Have I told you lately that I hate you? Have I told you there’s no else below you in the ladder of my favourites? You fill my life with darkness, take away all my sunshine, increase my troubles; that’s what you do.
Oh yes, if there’s one thing I hate, it’s definitely you. I hate, loathe, despise, abhor, dislike, detest you and anything to do with you. See, you have even made me run out of synonyms. I am quite the indecisive female but when it comes to hating you there are no second thoughts, my views are firm and concrete, my opinion unchanged. No one could make me change my mind on this one; I stand like a stone. Years may come and years may go, people may flit in and out of my life, but you will eternally remain my enemy number one.
Let me tell you a few reasons why you will never climb the charts:
1. You are cold and heartless
2. You make my skin dry and withered
3. You turn my days into nights
4. You terrorise me in my baths
5. You make me wear layers of clothing like a refugee
6. You urge me to make New Year resolutions which you know very well I will not keep
7. You push me out to crowded market places where I am surrounded by thousands of smelly feet
8. You are cold and uncaring
9. You make my lips chapped
10. You make me dress up and go out
11. You take great pleasure in reminding me that I am not getting any younger (but who is??)
12. You turn my fingers and toes into little frozen sticks
13. You make me buy shoes which I will wear only once
14. You remind me, more than ever, that I sleep all alone
15. You make it obligatory to go out and socialize with people I cannot stand
16. You make my bones numb
17. You are cold and merciless
Maybe I should run away from you, emigrate to Australia or some other country in the southern hemisphere and re-emigrate here some time in March, kind of like the birds. Come to think of it, don’t you think they have it awfully easy?
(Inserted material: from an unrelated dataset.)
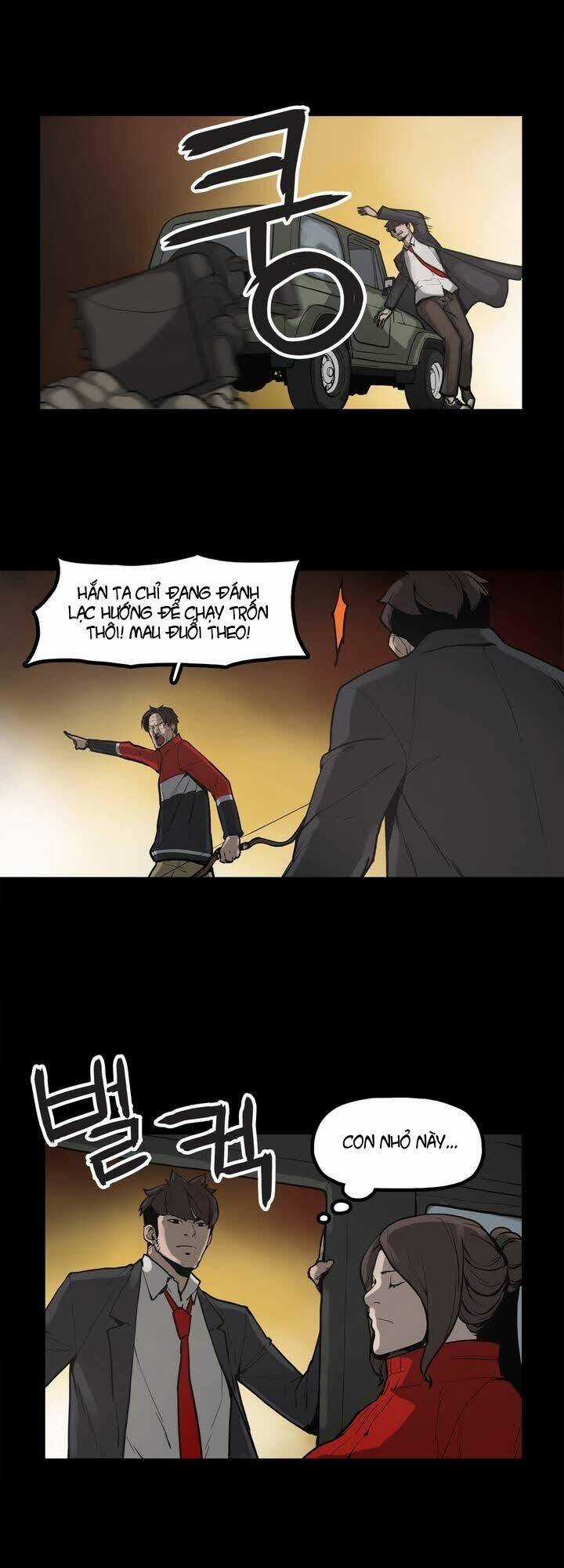 Monster Night - Chapter 8 - Trang 15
The birds, I mean, not the Australians. They don’t have to worry about medical check-ups, global financial recession, wearing fashionable clothes, or ingrown toenails. The most they worried about would be some other birds stealing their eggs or occupying their nests. If they feel a chill in the air all they have to do is hold a community meeting and presto! off to warmer climes. And they all look out for each other, flying in V-shaped or such other formations so that everyone gets equal draught of air. They don’t sow, nor reap, yet the Lord provides for them.
Ok, back to the point. I hate you because you are cold and have turned me into a blathering birdbrain.